*** Records to process ***
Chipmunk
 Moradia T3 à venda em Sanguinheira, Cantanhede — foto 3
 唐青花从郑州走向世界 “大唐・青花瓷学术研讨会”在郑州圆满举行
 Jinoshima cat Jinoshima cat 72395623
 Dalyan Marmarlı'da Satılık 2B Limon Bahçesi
*** End of Records to process ***
Up to and including the last line of the listing above, copy exactly every line from the one that contains "Jinoshima cat Jinoshima cat 72395623" onward; leave out all others.

 Jinoshima cat Jinoshima cat 72395623
 Dalyan Marmarlı'da Satılık 2B Limon Bahçesi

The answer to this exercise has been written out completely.